● **EXERCISE DATA**:

-------

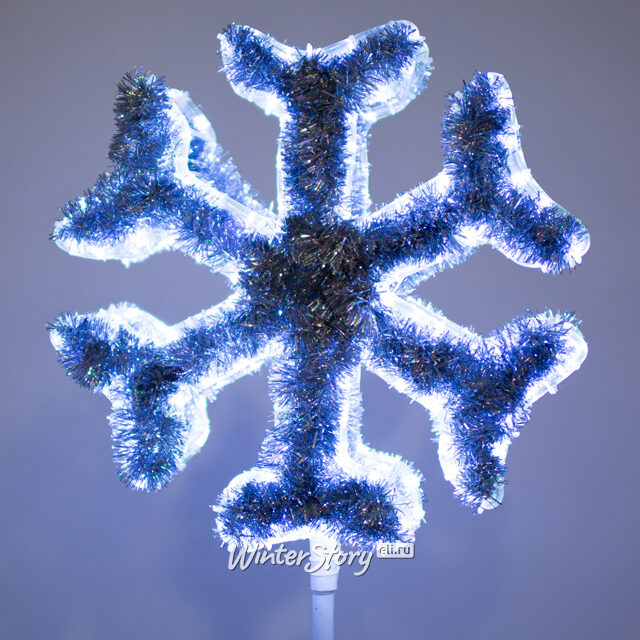 Светодиодная макушка Снежинка Пушистая 50 см холодная белая GREEN TREES
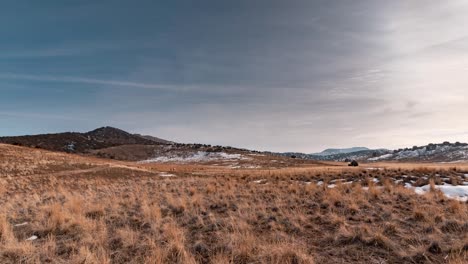 Hundreds-of-domestic-sheep-in-a-huge-flock-grazing-as-they-cross-the-high-desert-mountains---wide-angle-static-time-lapse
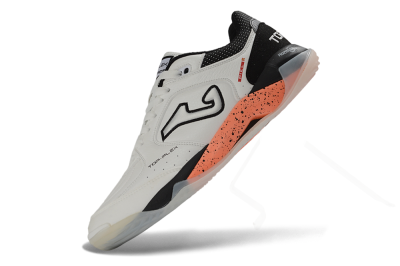 Joma Top Flex IC Indoor & Futsal Soccer Shoes - White/Black/Coral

-------

● **TASK TO COMPLETE**:
Apart from the images, please copy every line of the data exactly as written.

● **REPLY TO THE TASK**:
 Светодиодная макушка Снежинка Пушистая 50 см холодная белая GREEN TREES
 Hundreds-of-domestic-sheep-in-a-huge-flock-grazing-as-they-cross-the-high-desert-mountains---wide-angle-static-time-lapse
 Joma Top Flex IC Indoor & Futsal Soccer Shoes - White/Black/Coral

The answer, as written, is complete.